From its wonderfully imaginative narratives weaving bewitching supernatural yarns, to its radio conquering singles and eye-catching artwork, Creeper took ticking every box that defines an iconic debut squarely in their stride. The atmospheric romps of the likes of ‘Black Rain’, ‘Down Below’ and ‘Room 309’ marked this as a record set to dominate album of the year lists with 2017 still in its infancy.
Elsewhere ‘Crickets’ and ‘I Choose to Live’ highlighted EIYA’s grandiose depths, varied instrumentation and potent emotional hammer blows. No other record this year had quite the same ability to entice listeners to fall headlong into it time after time as this gem from Southampton’s finest. (DW)

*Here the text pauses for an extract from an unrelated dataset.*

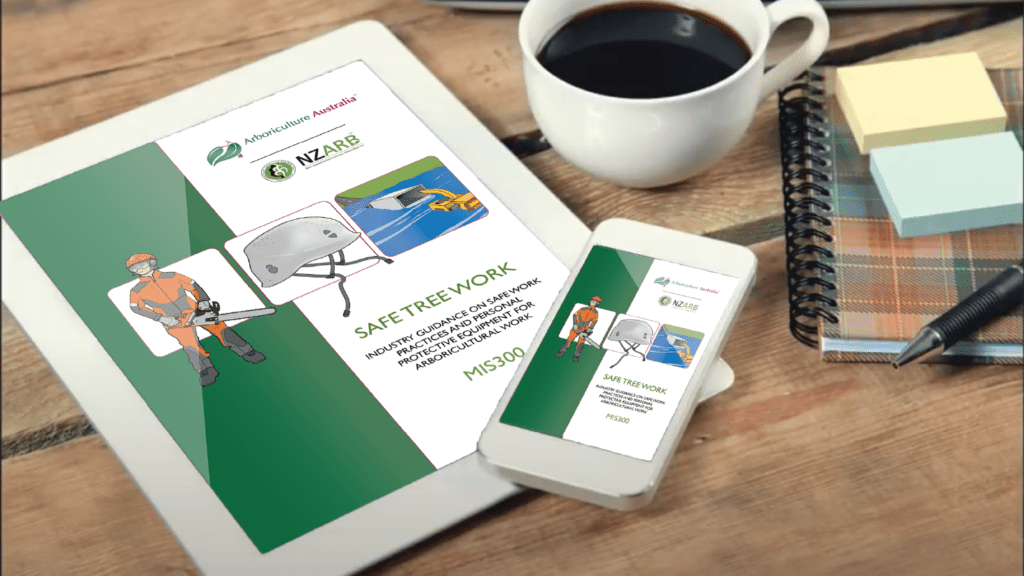 AQF Level 5 arborist from Dynamic Tree Solutions conducting a detailed tree assessment in Brisbane.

1. The Menzingers – After The Party
In any form of art, consistency can be hard to find yet with every passing record, Philadelphia’s The Menzingers seem to pull it off with ease. After delivering two stellar back-to-back albums in ‘On the Impossible Past’ and ‘Rented World’, the Philly quartet made it a hat-trick with ‘After the Party’.
Documenting the turning point of entering their thirties, ‘After the Party’ offered a collection of relatable punk songs. While they’re soaked in Americana, songs about long-distance drives, worthless diplomas from worthless universities, everlasting hangovers and playing music from crap laptop speakers are easy to relate to on both sides of the Atlantic.
While in songs such as ‘Lookers’, ‘Bad Catholics’, and ‘Midwestern States’, Greg Barnett once again shows his flair for telling engaging stories decorated with rich nostalgia, despite the bleak struggles he sings of.
From start to finish, ‘After the Party’ marks the realisation of a band that are no longer young and naive, accepting their transition and embracing the struggle of adulthood. All the while wrapped in a rousing, heart-on-their-sleeve skin that makes the album, and The Menzingers in general, one of the most admirable and beloved and bands right now. (SR)
The Menzingers’ vocalist/guitarist Tom May passed on the following comment upon hearing ‘After the Party’ being voted as our Record of the Year. They’re also our first two-time winners, having won the title in 2012 for ‘On the Impossible Past’.
“Years ago when we first came to the UK, the past, present, and future all converged on a novel realization that we were actually doing it. We made it to fucking England! We are so thankful and proud that our album is so loved it was chosen for ‘Record of the Year’ by Already Heard. Incredible! We can’t wait to be reunited with our friends and fans, both old and new when we come back in January!”